→ Work request: Exactly transcribe the span of lines from the one containing "Pansexual flag painted" through the final line of the entries, inclusive, and nothing outside it. Exclude the pictures.

--- Available data Enclosed Below ---

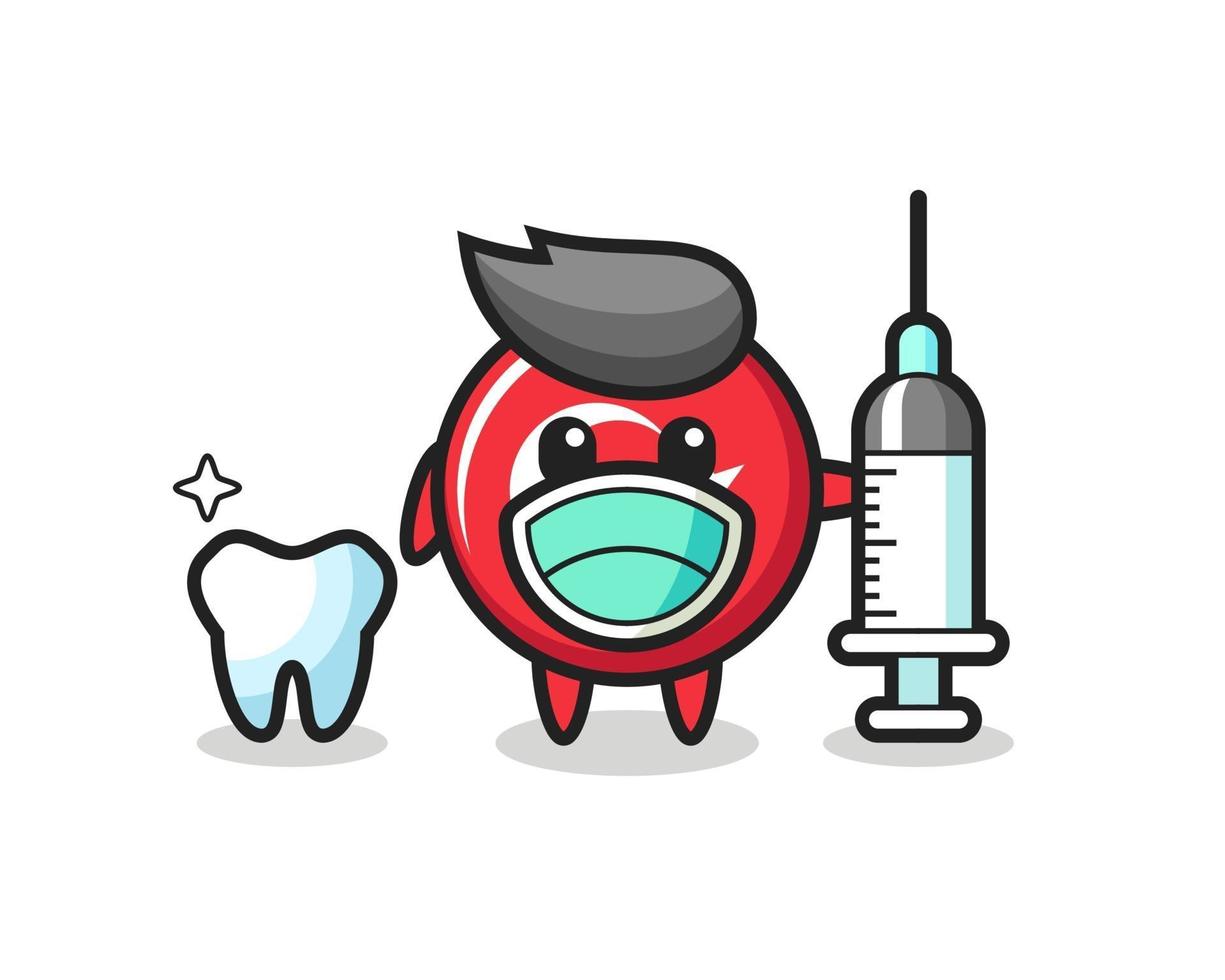 personaggio mascotte del distintivo della bandiera della Turchia come dentista vettore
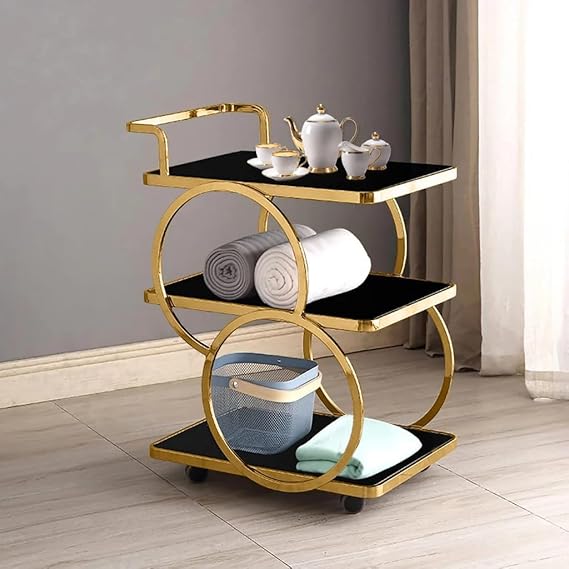 Brown Art SHOPPEE End Table Bar Trolley 3-Tier Metal Serving Trolley with Gold Elegant Home and Restaurant Mobile Cart for Effortless Food Serving Coffee Table for Living Room (Golden Black)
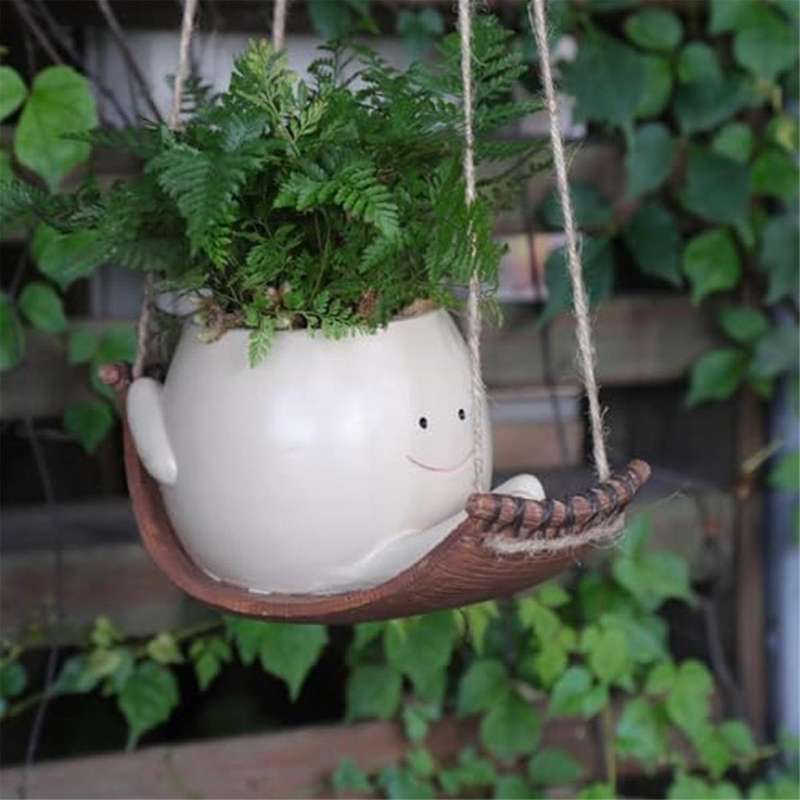 Swing Face Plant Pots Cute Hanging Planter Indoor Outdoor Resin Funny Smile Face Flower Pots with Sw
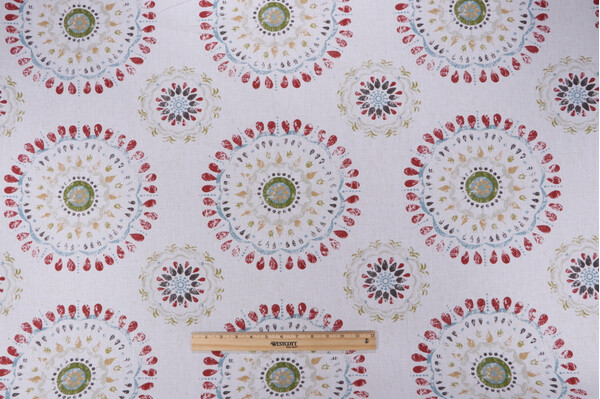 Robert Allen Whimsy Wheel Printed Cotton Drapery Fabric in Coral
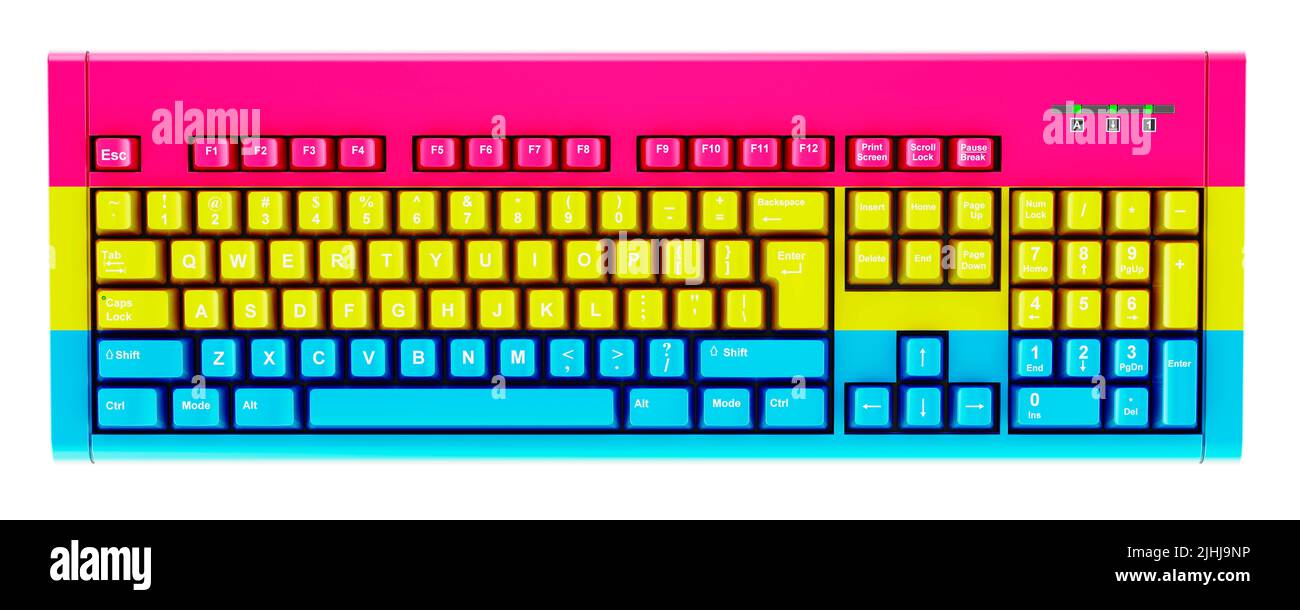 Pansexual flag painted on computer keyboard. 3D rendering isolated on white background Stock Photo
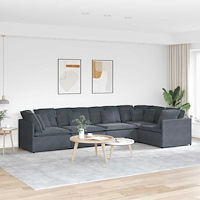 vidaXL Modulsoffa med dynor sammet mörkgrå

--- End of Enclosed Available data ---

→ Task output:
 Pansexual flag painted on computer keyboard. 3D rendering isolated on white background Stock Photo
 vidaXL Modulsoffa med dynor sammet mörkgrå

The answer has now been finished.